Task instructions: Give the listing again, word for word, and let no picture into it.

Recorded data:
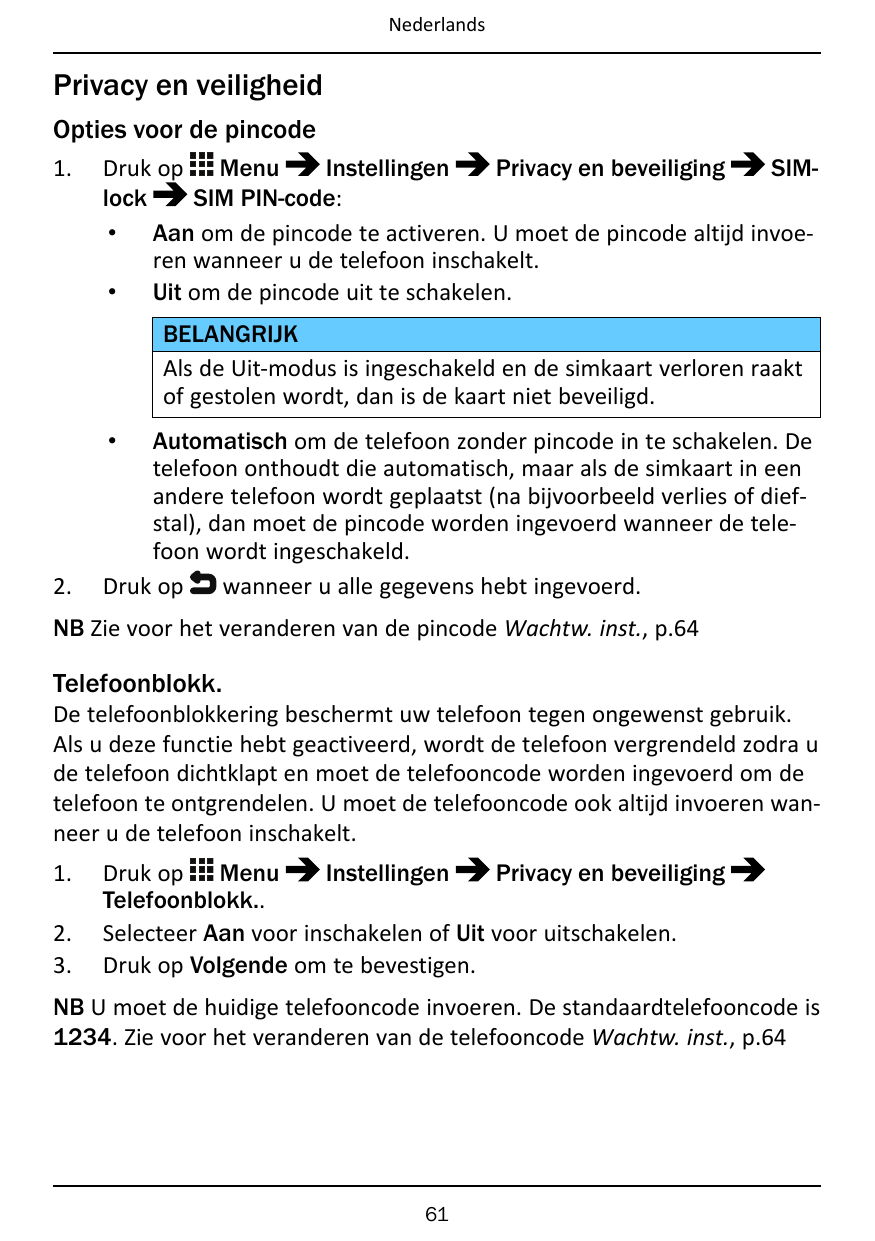 NederlandsPrivacy en veiligheidOpties voor de pincode1.Druk op MenuInstellingenPrivacy en beveiligingSIMlockSIM PIN-code:• Aan o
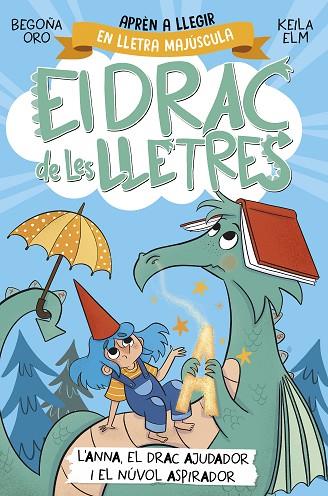 EL DRAC DE LES LLETRES 1 L'ANNA EL DRAC AJUDADOR I EL NÚVOL ASPIRADOR | 9788448863760 | ORO, BEGOÑA | Llibreria Online de Vilafranca del Penedès | Comprar llibres en català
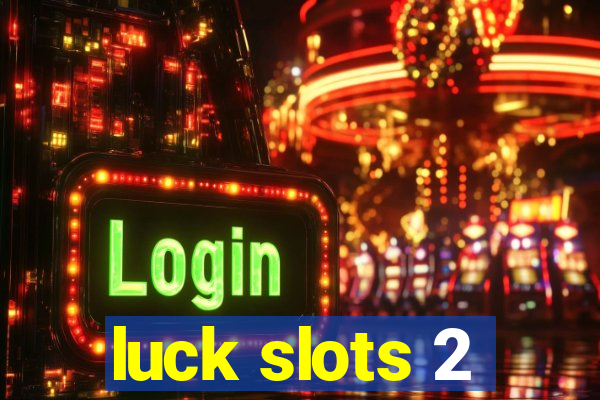 luck slots 2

Result below:
 NederlandsPrivacy en veiligheidOpties voor de pincode1.Druk op MenuInstellingenPrivacy en beveiligingSIMlockSIM PIN-code:• Aan o
 EL DRAC DE LES LLETRES 1 L'ANNA EL DRAC AJUDADOR I EL NÚVOL ASPIRADOR | 9788448863760 | ORO, BEGOÑA | Llibreria Online de Vilafranca del Penedès | Comprar llibres en català
 luck slots 2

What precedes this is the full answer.